Nevertheless, some see the soft market as an opportunity to attract buyers or investors, if not tenants, while some developers also believe that the market is gearing up for an upturn going into 2017.
At the Rahim & Co property research seminar earlier this month, Rahim & Co executive chairman Tan Sri Abdul Rahim Abdul Rahman said while many developers had been holding back their launches this year, some, had in fact, been generating positive sales.
“At the moment, the market is tough, but it’s a cycle,” he said.
“Sales value of units within the KLCC area has generally dropped. Some areas have since adjusted.”
Wong points out that developers with projects within the KLCC area have “enjoyed a good two to three years” prior to the market slowdown.
“However, despite the slowdown, I don’t see any developers facing distress. To manage the situation, we see them adjusting their product mix according to the market.”
He says rentals for luxury condos have come down since oil and gas companies started downsizing their businesses in the country.
“We see many expatriates moving back to their countries and there have been more vacant units. Because of this, it’s been a bit harder for owners to sell or rent their properties.

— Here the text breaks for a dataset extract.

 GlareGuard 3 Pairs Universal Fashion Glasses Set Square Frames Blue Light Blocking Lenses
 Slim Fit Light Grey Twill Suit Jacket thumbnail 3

“There were a lot of foreign investors that bought properties two or three years ago and they’re finding it hard to sell now.”
The slowdown has also seen a few luxury condos “go under the hammer,” says Wong, although he emphasises that the situation “is not critical”.
“Some borrowers have trouble servicing their loans. But the situation isn’t dire, to the point that there have been fire sales. Nothing of serious concern.”
Will prices hold?
According to Abdul Rahim, the Malaysian high-end condominium market became a highly sought-after segment about 10 years ago as Malaysians started to become more discerning, especially with the development of KLCC as a prime location for investors and buyers.
Launches of KLCC projects started in 2004 and completed in 2007. These were predominantly large units of 2,500 sq ft and above and attracted families, mostly from the oil and gas sector.
“Developers started building world-class homes – and thus emerged a market for the high-end customers. People started getting used to paying for prices higher than RM5mil.
“This started to become the norm and it spurred developers to build more of the same.”
This “phenomenon” was also spurred by steady demand from expatriates, Abdul Rahim says.
“So this trend carried on, and when there was a bubble, it led to an oversupply situation and the segment started to slow down. Eventually, prices dropped between 3% and 5%. In some places, it dropped by as much as 10%.
“Eventually there was less demand and as the economy was affected by the fall in oil prices, demand from expatriates was also affected. There has been a downtrend in the luxury residential market and I think it will take two to three years to fully recover.”
Abdul Rahim says prices of luxury condominiums currently tend to range between RM1,000 per sq ft (psf) and RM1,500 psf.
“But there are some developers that also claim to sell at RM2,000 psf.”
SK Brothers general manager Chan Ai Cheng says she expects more adjustments in rental rates and a slight downward adjustment in pricing for high rise units.
“It has been a challenging year for the property market at all levels. Market confidence (resulting in a lot of wait and see and not to over commit in uncertain times) contributes to most of it, topped with the cooling measures that targets high-end properties.
“As it is demand is weakening plus higher loan rejection rates of some 50%, developers and owners alike are feeling the pressure.”
Chan says overall, this segment of the market is the most affected by the economic uncertainties, market sentiments and cooling measures.
“Property, given its nature as a hedge against inflation and a medium to long term investment, these momentary adjustments should be viewed as such. Always keep in mind the basics of property ownership/ investment, which is worth revisiting.”
Axis REIT Managers Bhd head of investments and Malaysian Institute of Estate Agents immediate past president Siva Shanker, one of the speakers at Rahim & Co’s property research seminar, says the local luxury condominium segment was facing an oversupply situation.
“We expect this segment to consolidate. Sales above RM1mil will slow; people don’t know when the market will recover. The market below RM500,000 is hot right now,” he says.
DTZ’s Eddy Wong believes that the market in 2017 will be similar to this year.
“It will move sideways. I don’t see the market crashing. Some places will see volumes decreasing, others maybe even increasing slightly. It will be a mixed bag.
According to the CH Williams Talhar & Wong (WTW) Property Market Report 2016, the condominiums sector is expected to be more challenging in the next two years, with the large incoming supply scheduled for completion in 2016 and 2017.
Infrastructure developments such as MRT SSP Line and East Klang Valley Expressway are likely to spur more condominiums developments in the prime as well as suburban areas.
WTW says total number of luxury condominiums in Kuala Lumpur was 36,252 units in 2015, an increase of 4,625 units compared to 2014.
“The total number of luxury condominiums units is expected to increase another 13,500 units the upcoming two years,” the report says, adding that average occupancy at between 77% and 80% in Golden Triangle.”